- Problem to solve -
Nothing but the pictures may be dropped; the rest of the listing is to be written out exactly.

::: Recorded information

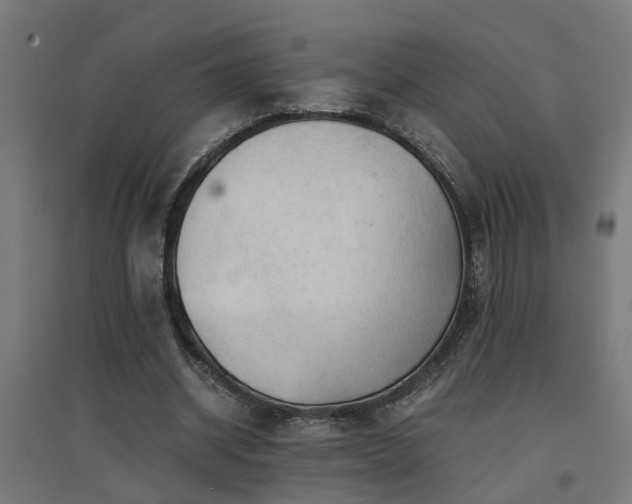 X0000094970534200712061430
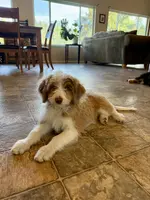 Fluffy, a male Miniature Aussiedoodle for sale in Grants Pass, OR – Photo 4 of 7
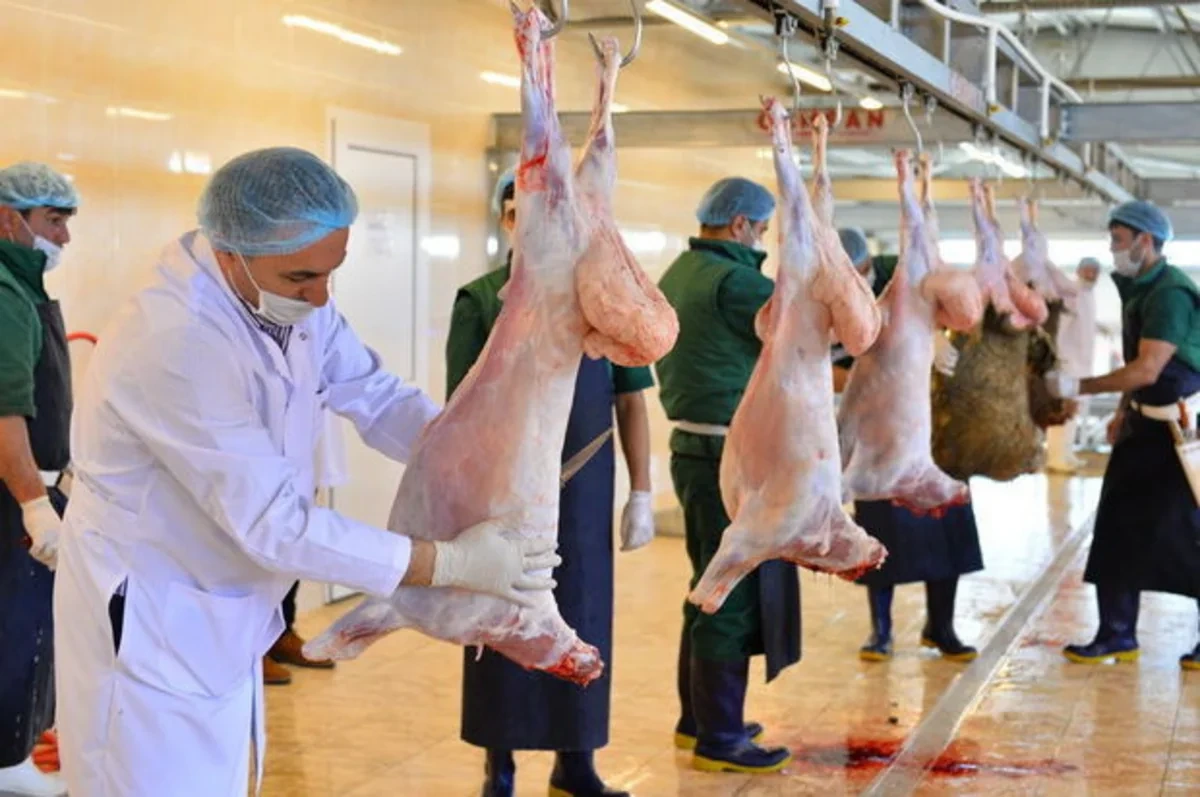 Qurban bayramı ilə bağlı təhlükəsiz heyvan kəsimi və satışına nəzarət gücləndirilib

::::::

- Your response -
 X0000094970534200712061430
 Fluffy, a male Miniature Aussiedoodle for sale in Grants Pass, OR – Photo 4 of 7
 Qurban bayramı ilə bağlı təhlükəsiz heyvan kəsimi və satışına nəzarət gücləndirilib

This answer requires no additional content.